You have to take the resistive force into account.

Did you do a course on differential equations? I learned how solve this sort of equation in a first course on differential equations. But it was some time ago and I'll have to refer to my notes to remember how. So I just used Mathematica.

 

[fterh]

You have to take the resistive force into account.

Did you do a course on differential equations? I learned how solve this sort of equation in a first course on differential equations. But it was some time ago and I'll have to refer to my notes to remember how. So I just used Mathematica.

Nope. The only differentiation and integration I know are basic ones like 1/x integrated gives ln(x). Heh. I asked on another forum and some replies suggested a non-linear first order differential equation? What that means, I have totally no idea.

 

[omoplata]

Yeah, it's first order non-linear all right.

Thinking back, I don't think I did non-linear ones in the the first differential equations course I took. I think it was the second one.

If I remember right, you assume v = \sum_{n=0}^{\infty} c_{n} t^{n}, and then apply to the differential equation. Then compare the terms with the same powers of t to find the constants. But I'm not sure. I'm going to try it out now.

 

[fterh]

Yeah, it's first order non-linear all right.

Thinking back, I don't think I did non-linear equation in the the first differential equations course I took. I think it was the second one.

If I remember right, you assume v = \sum_{n=0}^{\infty} c_{n} t^{n}, and then apply to the differential equation. Then compare the terms with similar powers of t to find the constants. But I'm not sure. I'm going to try it out now.

Hm to be honest I have no idea what that equation means :(

Okay, thanks for helping me out, I appreciate it :D By any chance, do you think that the question is lacking some information for the answer to have a ln3 in it?

 

[omoplata]

No.

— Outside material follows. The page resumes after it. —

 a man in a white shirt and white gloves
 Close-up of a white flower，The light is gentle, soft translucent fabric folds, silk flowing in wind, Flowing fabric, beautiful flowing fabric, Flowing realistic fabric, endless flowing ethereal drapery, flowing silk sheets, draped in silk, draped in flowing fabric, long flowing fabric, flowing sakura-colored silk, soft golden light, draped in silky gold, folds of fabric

I'm pretty sure it can be solved provided you can solve the differential equation.

 

[fterh]

No. I'm pretty sure it can be solved provided you can solve the differential equation.

Okay, could you post the solution here? I'll check in approximately 8 hours (I need to sleep now! GMT+8, by the way)

 

[omoplata]

I get stuck. I think there is some information lacking like you said.
The differential equation is, F - c v^{2} = \frac{d v}{d t}
Mathematica gives the solution, v = \sqrt{\frac{F}{c}} \tanh ( \sqrt{F c} (\frac{t}{M} + c_{1})), where c_{1} is an unknown constant.
Then I applied the boundary condition v = 0 at t = 0. I get 0 = \tanh(\sqrt{F c} c_{1})
Since \tanh(0) = 0, I took \sqrt{F c} c_{1} = 0. That gives me c_{1} = 0.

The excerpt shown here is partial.